- **Task description**: Set down again, exactly and only, the lines from the one that contains "B Bulldogs Green" through the last line of the records below, both included, but not the pictures.

Scraped caption text data
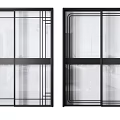 Modern Black Frame Sliding Doors With Transparent Glass And Geometric Patterns 3d model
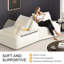 Ensemble de canapés modulaires surdimensionnés de luxe avec lumière de 139 po, canapé modulaire rembourré moelleux en chenille avec dossiers amovibles et coussins moelleux, blanc-1744120760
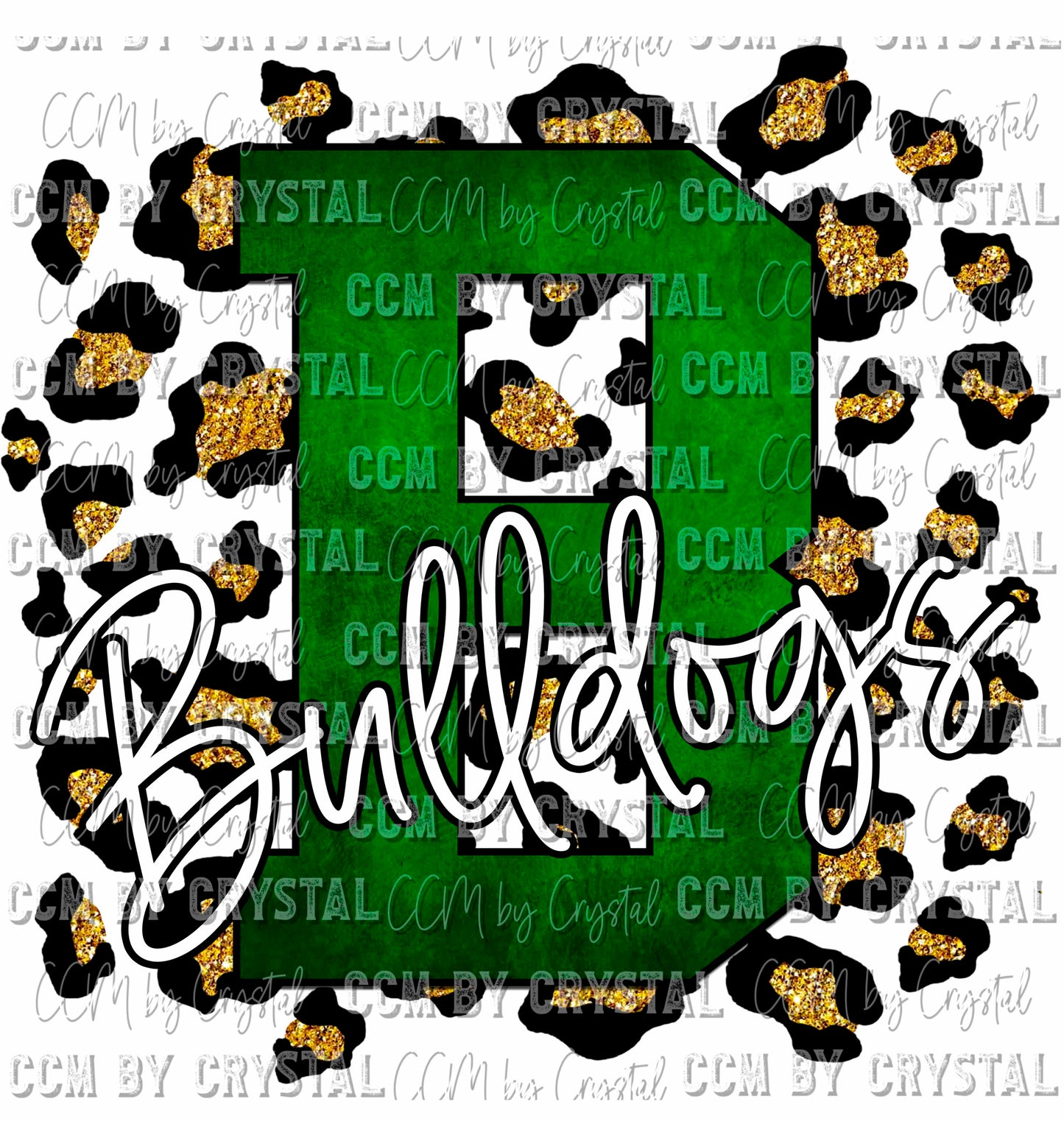 B Bulldogs Green Gold Leopard Ready To Press Transfer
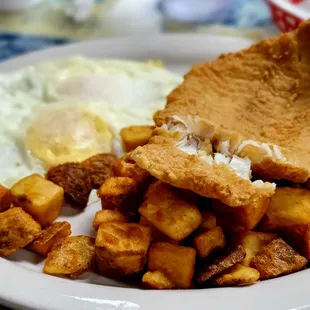 Flounder, eggs and home fries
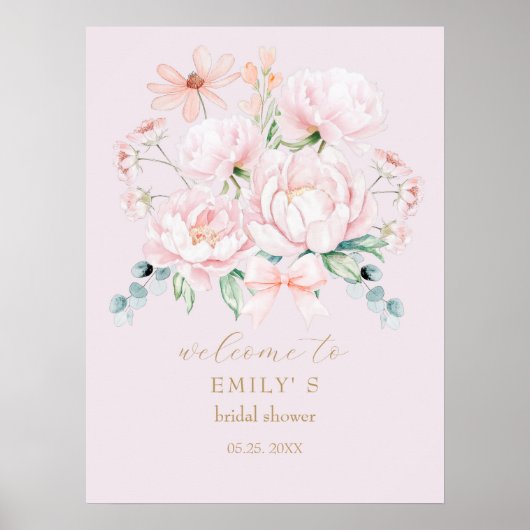 Pink Peonies Garden Vrijgezellenfeest Welkom Poster (Voorkant)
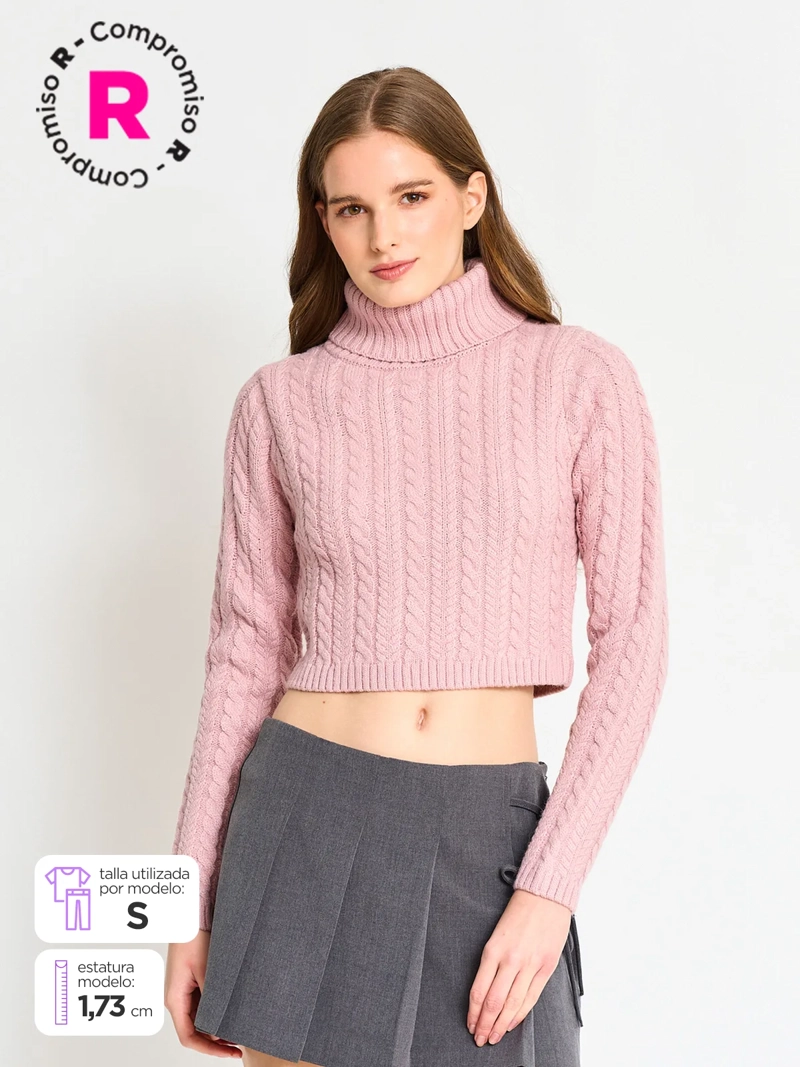 SWEATER MANGA LARGA MUJER INDEX TRENZADO CUELLO ALTO - 1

- **Finished task**:
 B Bulldogs Green Gold Leopard Ready To Press Transfer
 Flounder, eggs and home fries
 Pink Peonies Garden Vrijgezellenfeest Welkom Poster (Voorkant)
 SWEATER MANGA LARGA MUJER INDEX TRENZADO CUELLO ALTO - 1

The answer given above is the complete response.